Hoje, os americanos parecem ter clara consciência de quem é a "culpa"
pela tragédia que estão vivendo. Um levantamento da Gallup (15/16
outubro) mostrou que 2/3 das pessoas consultadas a atribuem ao governo
federal e 1/3 às instituições financeiras. Mas o fato ainda mais grave
(e que coloca em risco a reeleição do presidente Obama) é que a
"qualidade" do programa posto em prática pelo governo de Washington para
enfrentar a crise é considerada lamentável: mais de um US$ 1 trilhão de
estímulos e quase quatro anos depois, o crescimento é pífio e o
desemprego altíssimo. O verdadeiro conhecimento empírico e teórico da
economia poderia ter sido melhor utilizado na formulação do programa,
como mostraram em interessante artigo J.F.Cogan e J.B.Taylor ("Where Did
the Stimulus Go?").
O US$ 1 trilhão de estímulo foi dividido em três programas de
inspiração keynesiana-hidráulica: 1) colocar dinheiro diretamente nas
mãos dos cidadãos (cheques do Tesouro) para que eles o gastassem em
consumo (US$ 152 bilhões); 2) disponibilizar recursos para compras
governamentais e infraestrutura (US$ 862 bilhões); e 3) transferir verba
para Estados e governos locais, na esperança que ampliassem seus gastos
com bens e serviços (US$ 173 bilhões).
Como se deveria esperar, em razão de experiências anteriores e
desenvolvimentos teóricos, eles não produziram qualquer efeito
"multiplicativo" importante, ao contrário do que haviam previsto os
assessores econômicos de Bush e Obama.
A ineficiência do primeiro estímulo é consequência das pesquisas de
Milton Friedman e Franco Modigliani, que mostraram que o consumo está
ligado à renda "permanente" e não a um estímulo ocasional,
frequentemente utilizado para "diminuir as dívidas" dos agentes, que foi
o que aconteceu.
Quanto ao segundo, devido às dificuldades operacionais que sempre
acompanham aumentos inusitados de disponibilidade de recursos no serviço
público (a falta de bons projetos e a indisposição da burocracia,
elementos amplamente conhecidos e empiricamente constatados), não se
gastou até o terceiro trimestre de 2010 mais do que 5% do estimado!

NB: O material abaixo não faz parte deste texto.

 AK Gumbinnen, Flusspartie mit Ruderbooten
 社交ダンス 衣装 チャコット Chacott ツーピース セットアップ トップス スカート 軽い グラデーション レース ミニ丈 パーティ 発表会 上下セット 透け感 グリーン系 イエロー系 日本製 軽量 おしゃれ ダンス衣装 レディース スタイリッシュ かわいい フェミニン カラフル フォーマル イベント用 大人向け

Quanto aos estímulos transferidos para Estados e governos locais,
eles tiveram o mesmo destino dos enviados diretamente aos consumidores:
foram basicamente utilizados na redução de dívidas. De fato, dos US$ 173
bilhões transferidos, 4/5 foram utilizados no pagamento de dívidas
acumuladas, o que praticamente anulou o efeito físico do
"multiplicador". Aqui, também, já havia evidência empírica (Ned
Gramlich, 1979) mostrando a ineficiência desse tipo de programa.
Esses fatos mostram o quanto de "ilusão" estatística está envolvida
no cálculo descuidado e ingênuo dos "multiplicadores" ditos
"keynesianos", quando se esquece o próprio Keynes. Se na prevenção da
crise e na sua construção podemos criticar o "mainstream", parece que
lhe devemos um crédito na crítica do horrível projeto de recuperação de
inspiração do "keynesianismo-hidráulico" que desperdiçou US$ 1
trilhão...
Comentário do Blog.
O que está faltando na análise do Delfim Neto tem sido, sem dúvida, uma variável fundamental, quase sempre esquecida pelos economistas do Governo que pensavam que a questão da educação, a capacitação e o fortalecimento do capital social, seria uma consquencia, um resultado natural do crescimento econômnico e não ao contrário.
A educação, capacitação e desenvolvimento do capital social é fator fundamental para alcançar o crerscimento e o mais importante, o desenvolvimento. Mas se tratando do Delfim, economista cartesiano é difícil fazer ele entender como é importante a questão da educação no desenvolvimento econômico.